L’une des faiblesses d’Obamacare est la pénalité financière trop faible liée aux « individual mandate », qui fait que 13% de la population n’a pas jugé utile de souscrire à un contrat. Lorsque vous êtes jeunes, avec un revenu modeste et en bonne santé, l’assurance santé n’est pas votre priorité. Parmi les 50 millions d’Américains qui n’avaient pas de couverture santé en 2010, ce sont ceux qui étaient le plus à risque qui ont souscrit les contrats sur la bourse d’échange et pas ceux à faible risque, ce qui à conduit la deuxième année à un renchérissement des primes des contrats déjà souscrits.  Trump a joué sur cette situation pour démolir Obamacare qui était pourtant bien un progrès significatif.

Trumpcare : chronique d’un échec annoncé

Trump n’a pas osé faire ce qu’il souhaitait faire, revenir à la situation d’avant Obamacare, sans obligation individuelle de souscription, une forme d’America first, dans l’esprit far west.

Au lieu de cela, Il a recherché à envoyer un signal fort à la base conservatrice sans vraiment remettre en cause les fondements d’Obamacare. Il  a gardé les trois piliers évoqués supra mais les a affaibli, faisant croire qu’il respectait ses engagements de réforme (le « repeal »).

Trumpcare est en réalité un petit Obamacare.  Le seul problème c’est qu’en affaiblissant les 3 piliers, il risque de mettre en pièce tout le système de santé, d’où l’hésitation des Républicains à approuver Trumpcare. Le report du vote de la loi prévu le 23 mars au lendemain faute d’accord entre les Représentants conservateurs est révélateur de cette situation de malaise dans le camp de Trump.

Le CBO (Congressional budget office), qui évalue les propositions de lois, a estimé que 24 millions d’Américains perdraient leur assurance avec Trumpcare. En effet, Donald Trump a affaibli l’obligation individuelle en réduisant les pénalités financières. Il aussi augmenté le multiple de la différence de primes autorisée entre les jeunes et les personnes âgées de 3 à 6, ce qui va permettre aux jeunes de payer moins cher mais aux plus âgés de payer beaucoup plus cher leur contrat. Alors que les jeunes ont davantage soutenu Clinton et les personnes âgées Trump, ce dernier agit dans l’intérêt des premiers et contre ceux des seconds. Il le paiera forcément politiquement à un moment de son mandat.

Donald Trump va diminuer les subventions pour les foyers modestes, en instituant un « flat tax credit » (un crédit forfaitaire quel que soit le revenu), alors que l’Obamacare liait les subventions au revenu.
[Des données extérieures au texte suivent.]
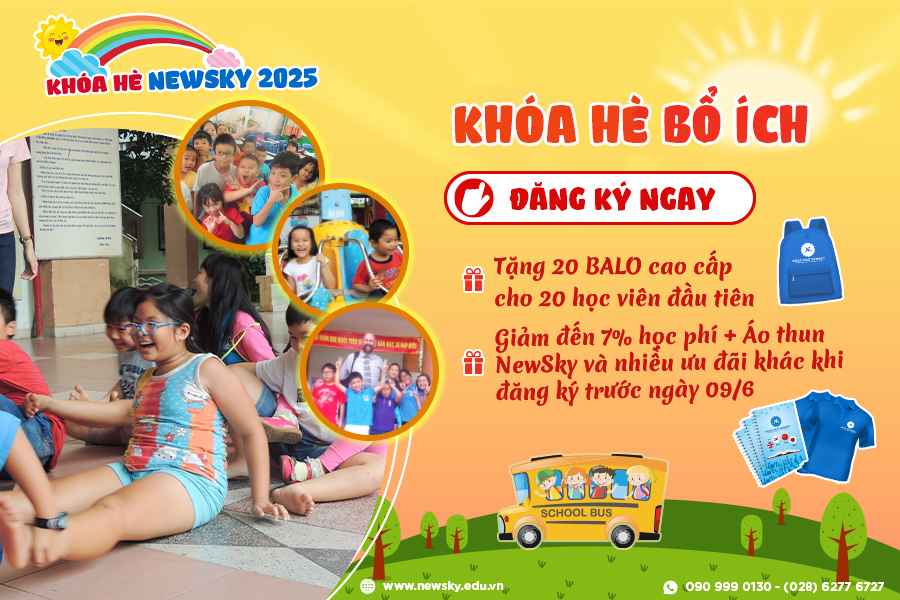 Popup Khóa Hè NewSky 2025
Les foyers gagnant moins de 50 000$ seront les perdants, surtout les plus modestes gagnant moins de 10 000$ (perte de 1420$ par an). Un couple de 60 ans gagnant 50 000$ consacre aujourd’hui 10 à 15% de son revenu à son assurance santé, ce sera nettement plus après la réforme de Trump (estimation à 65% pour les séniors vivant en Alaska).

Les personnes à faibles revenus et à faible risque vont sortir du système assurantiel, ce qui fera augmenter les primes pour les autres assurés, entrainant la sortie progressive des personnes à risques à faibles revenus. D’où un cercle vicieux qui mène à la destruction du marché assurantiel.

Les durs des conservateurs, tel Rand Paul, reprocheront toujours à Trump de ne pas aller assez loin et les plus modérés lui reprocheront dans quelque temps d’avoir dégradé l’accès aux soins du cœur de son électorat. La santé sera bien le premier pari politique perdu par Trump.

 

Frédéric Bizard

Frédéric Bizard

Frédéric Bizard, est un économiste spécialiste des questions de protection sociale et de santé. Il est professeur d'économie affilié à l'ESCP Europe et enseigne aussi à Paris Dauphine. Il est Président fondateur de l'Institut Santé.